If Denson could’ve chosen who to sound like he’d have picked Lou Rawls. But he’s been hearing the Neil Diamond comparisons since he was 11, back when he used to sing in the church choir in his hometown of Charleston, West Virginia. “I didn’t even know who Neil Diamond was,” he says. “My family was all R & B. So I went out and bought The Jazz Singer. I immediately fell in love with ‘Songs of Life.’”

Over the years, with his friends encouraging him to get up and sing in bars, Denson eventually started to buy into the idea that he sounded like Neil Diamond.

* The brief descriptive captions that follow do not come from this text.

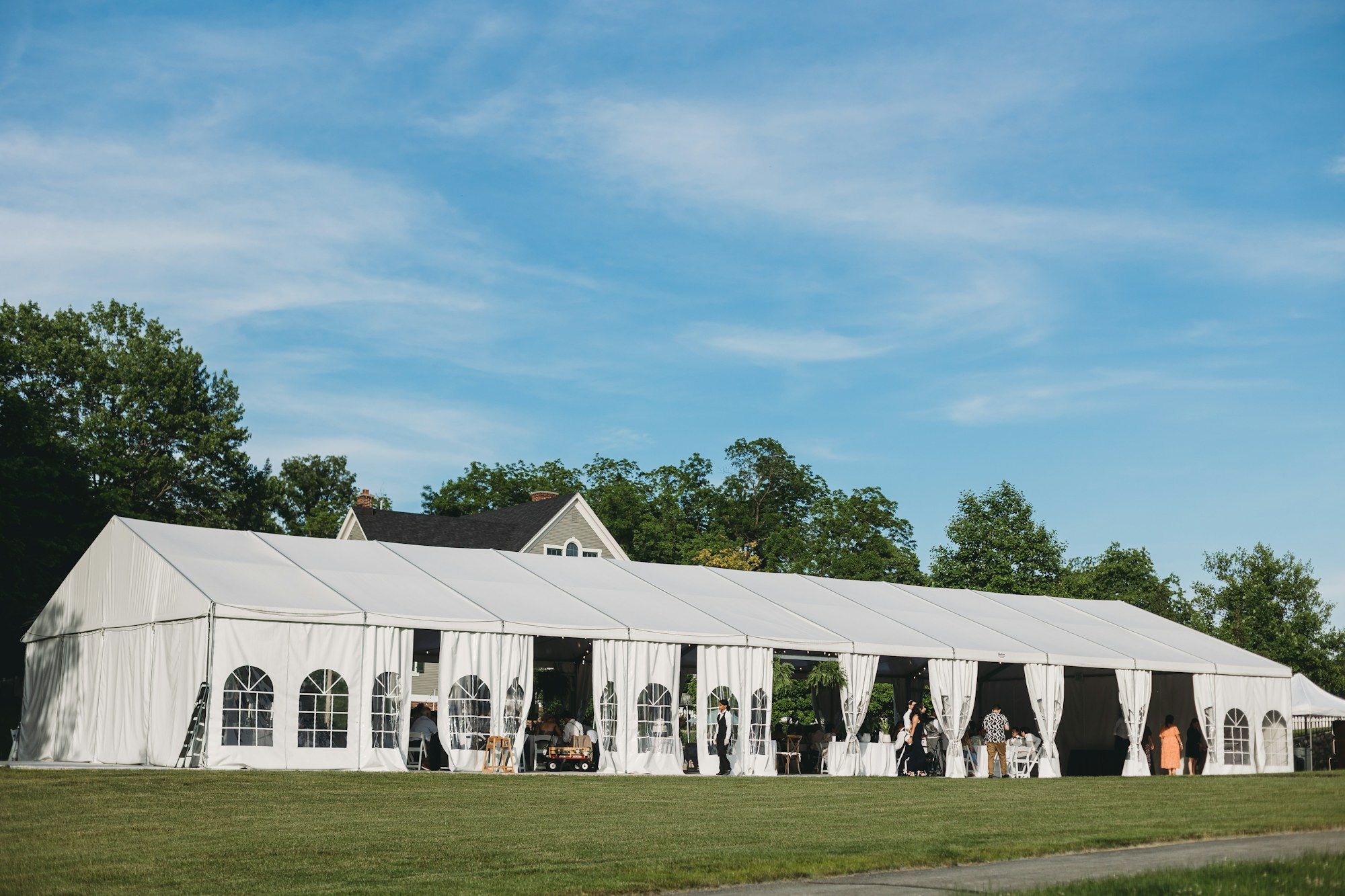 40' x 60' Frame Tent 40' x 60' Frame Tent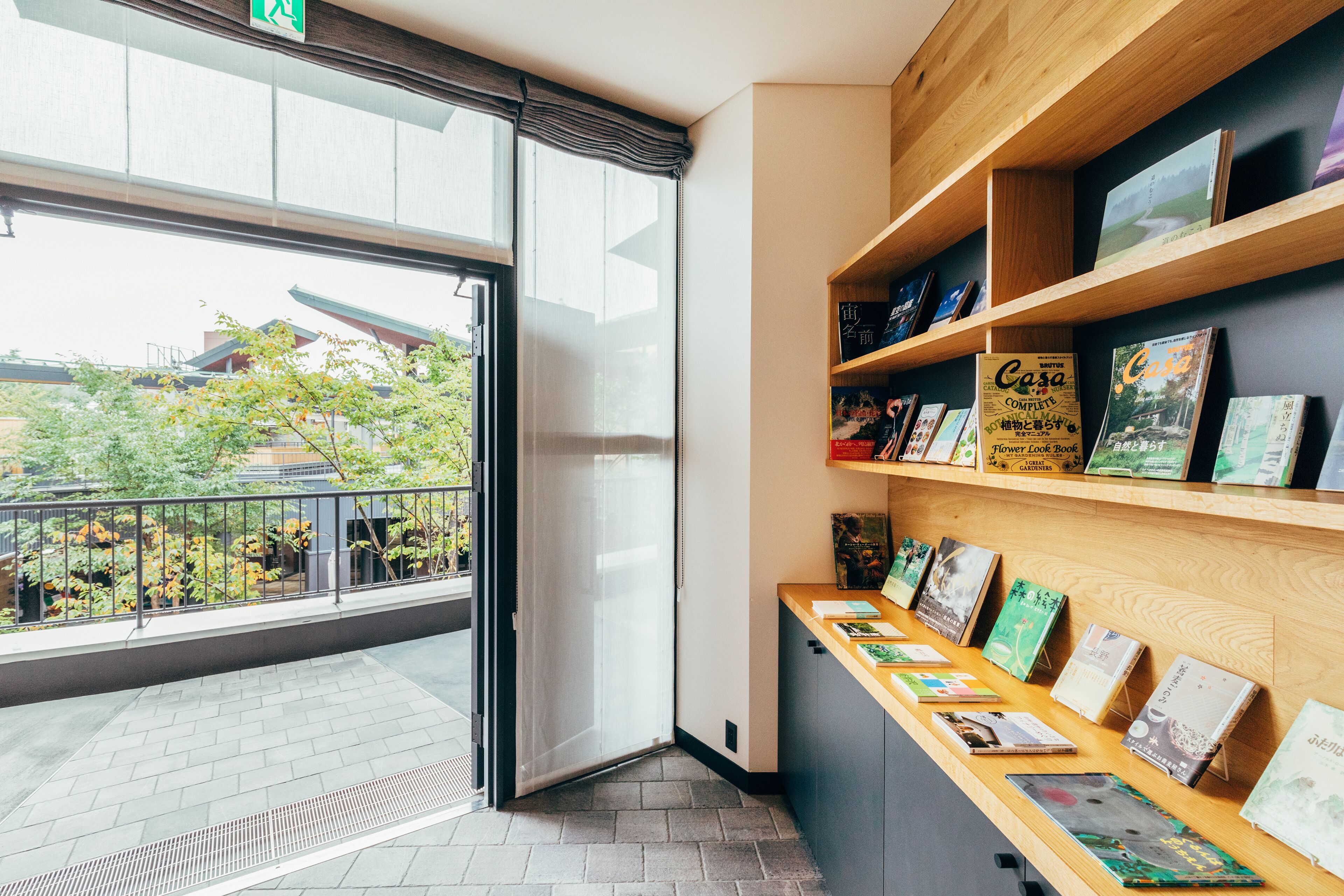 Eine Buchhandlung mit Bücherregalen und einem großen Fenster.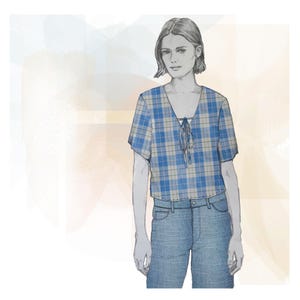 Può includere: Una camicia a quadri blu e bianchi con scollo a V e un nodo sul décolleté. La camicia ha maniche corte ed è corta. La modella indossa jeans blu.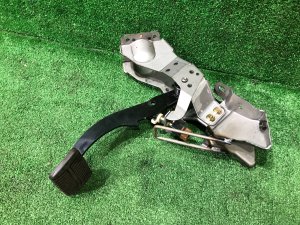 แป้นเบรก SUBARU IMPREZA OEM 36012FE090 GDA 2002 EJ205 AT
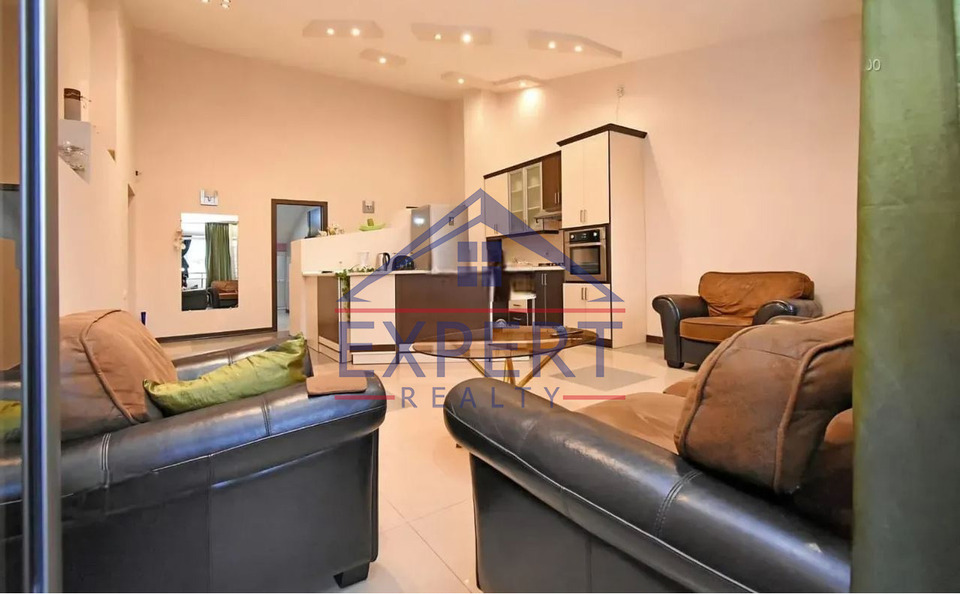 ԿԵՆՏՐՈՆ, ԱՐՇԱԿՈՒՆՅԱՑ ՊՈՂՈՏԱ, 3 ՍԵՆՅԱԿ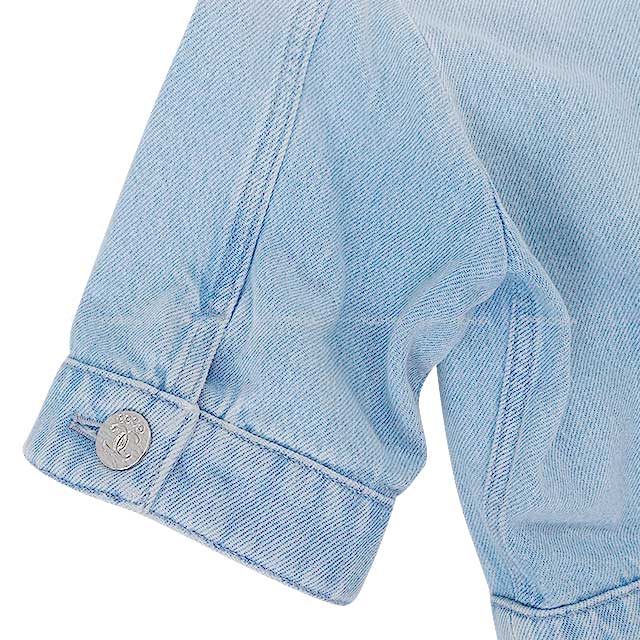 2024 NEW  Coco Beach Collection CHANEL Denim jacket Ladies Cropped Iridescent washed metal Coco buttons Blue/Silver Cotton 34 P76208[BRAND NEW][Authentic]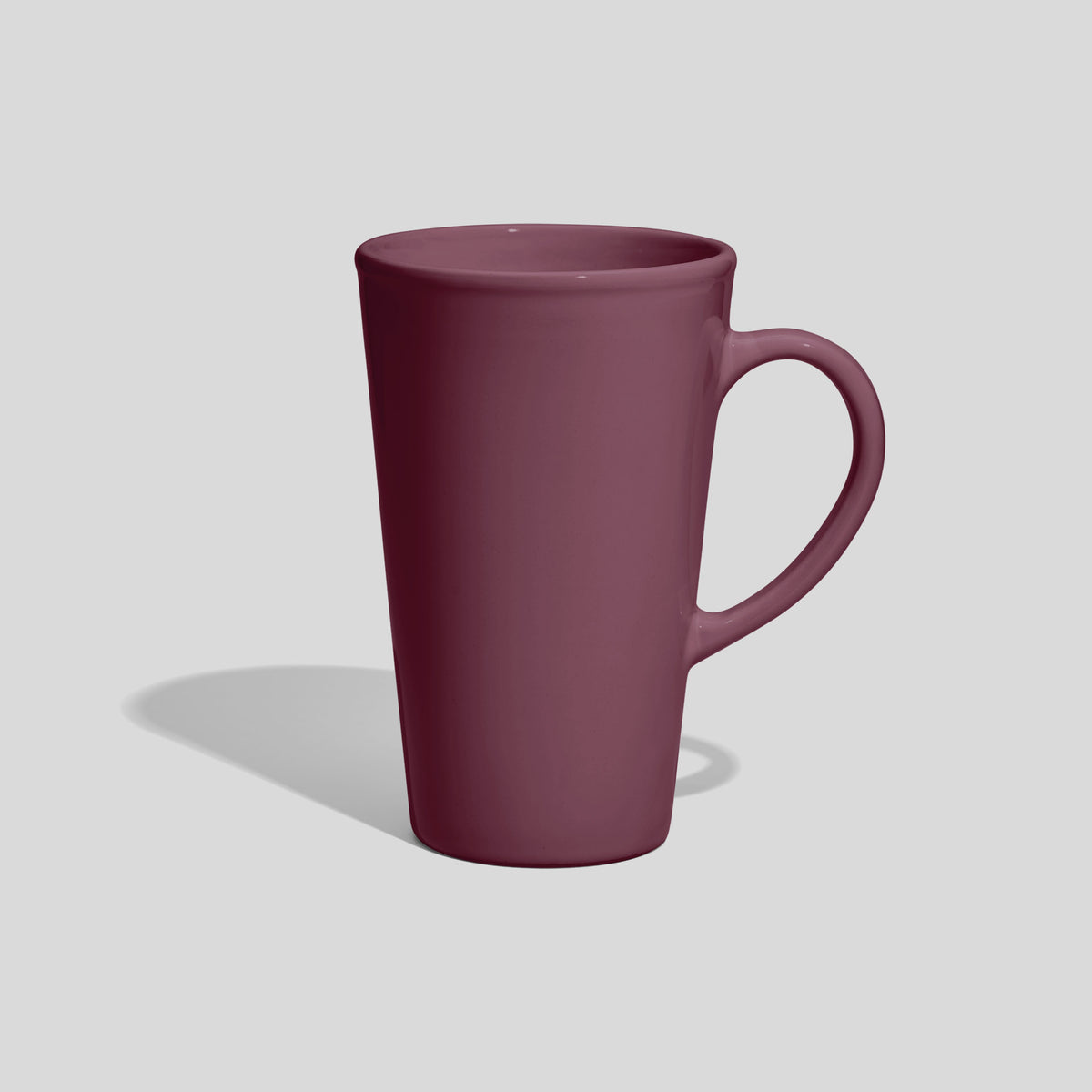 Hohe konische Keramiktasse 740 ml mit Bogenhenkel – Mauve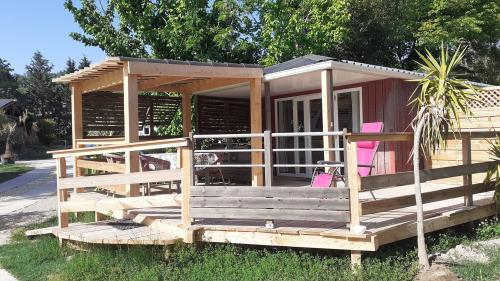 Camping Le Domaine des Floralies - Mobil Home 'ROCHER' 4 personnes - Disponible à partir de 17h - Photo 2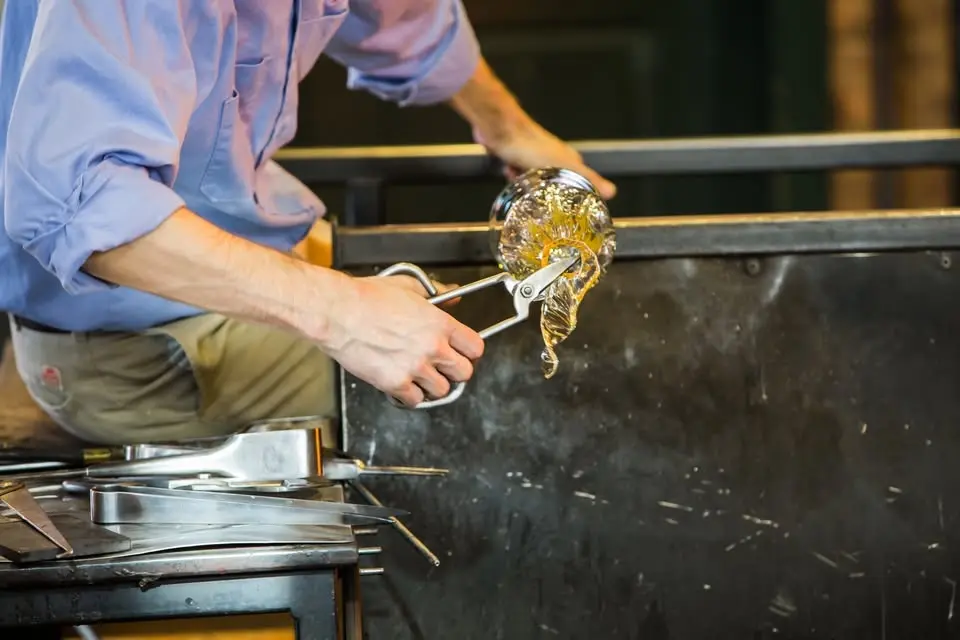 Glass Artist in Residence: Jason Christian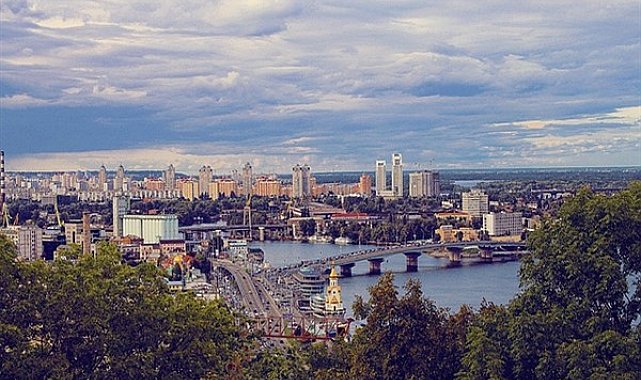 Kiev'de şiddetli patlamalar
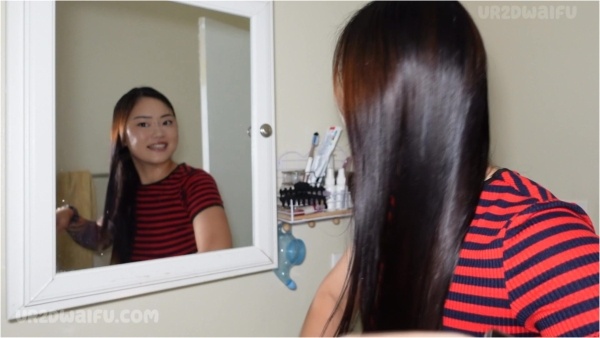 ur2dwaifu - Bathroom Chatting - Embarrassed Peeing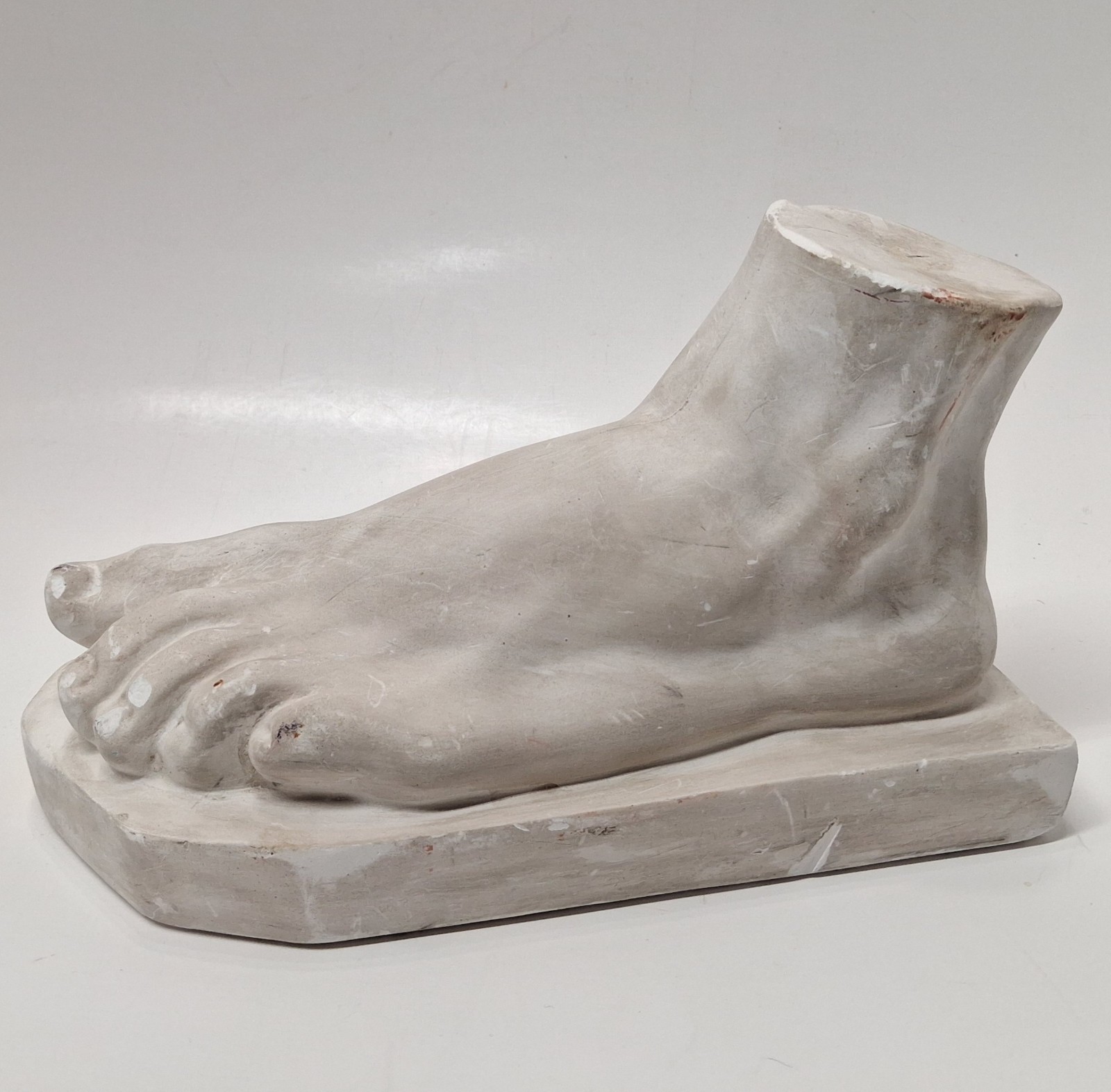 Vintage Aged Plaster Ladies Foot Sculpture Wall Hanging Toes Feet Cast Art Sz 8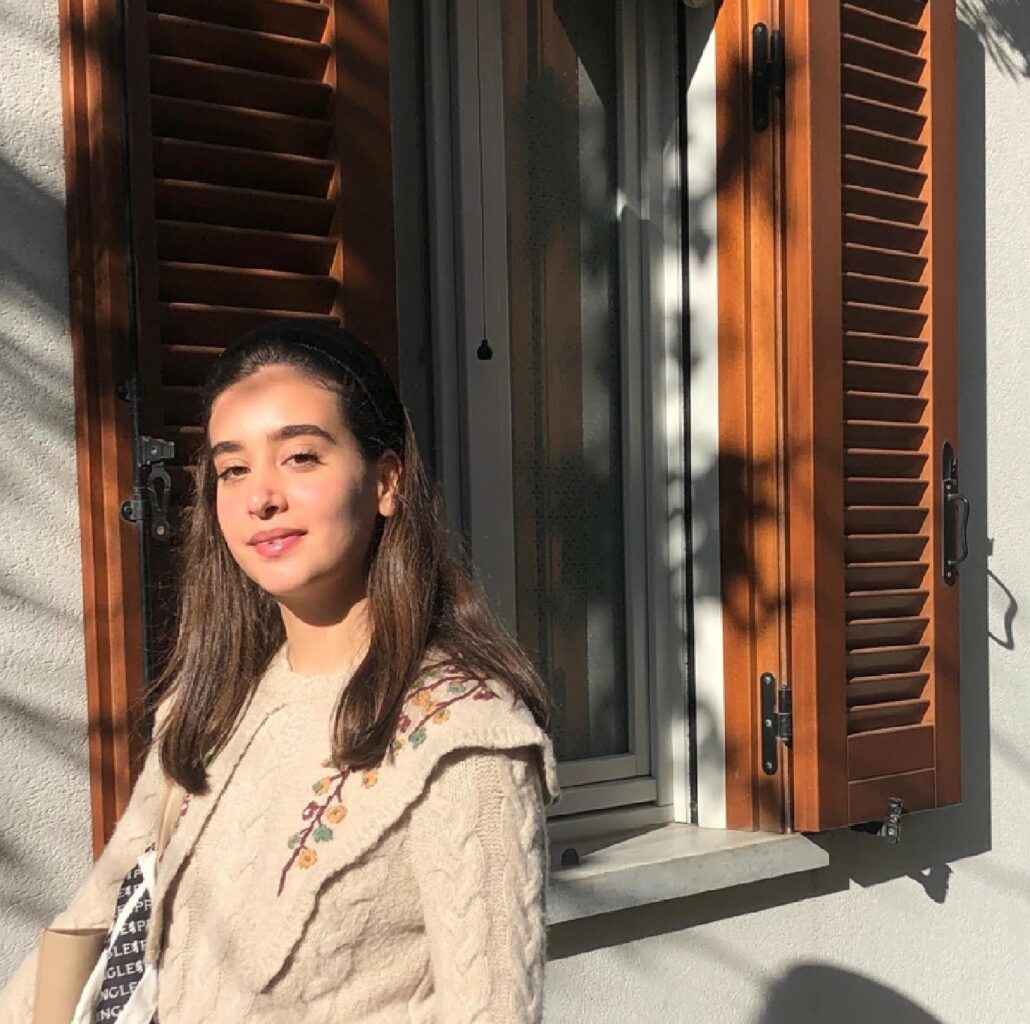 MELANIE BANAS face portrait photo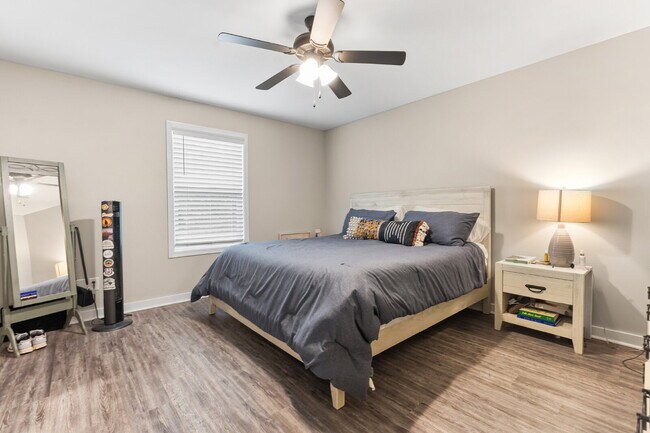 Building Photo - 105 Tahoma Dr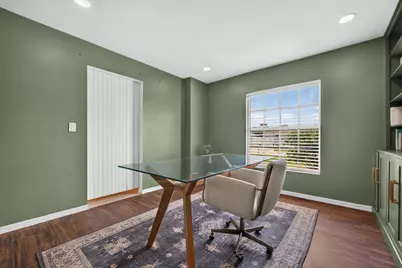 516 SE Crosspoint Drive, Port Saint Lucie, FL 34983 - Photo 2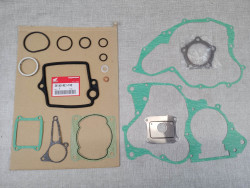 Pochette de joints Honda MTX125RW 1985 - 061A0-KE1-T40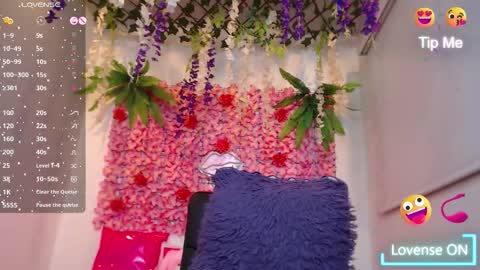 blonde_squirt_ online show from 01-12-26, 11:21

In his mid-30s he worked as a hotel desk clerk, greeting guests with a tuneful “Hello again, hellooo.” Unamused, his boss gave him a choice: your silence or your job. That’s when Denson decided to turn pro.

“When I got fired from the hotel, everybody told me to get another job,” he said. “I didn’t want to get a job. I said, ‘I’ll see if I can make it a year.’ I did a show at Marshall University. They charged $10 and I made fifteen hundred bucks.”

Denson set up a Web site with streaming audio to promote his act (blackdiamondvocals.com) and slowly started getting phone calls—including, he says, one from Neil Diamond himself. “I looked down at my caller ID and it was New York City. They said, ‘We have Mr. Diamond calling.’ He said, ‘You sound like me.’ Then I said, ‘A lot of people have told me I sound like you.’ He said, ‘I’m sure people will tell me I sound like the Black Diamond.’”

Denson thought he might be able to work a few of his own songs into the Black Diamond set, but the first time he tried, it didn’t go over too well with the promoter. “When she was writing the check, she said, ‘We hired you to sing Neil Diamond songs.’ I learned from that moment, you gotta give ’em the Neil Diamond,” he says. “As the old adage goes, if you can’t beat ’em, join ’em.”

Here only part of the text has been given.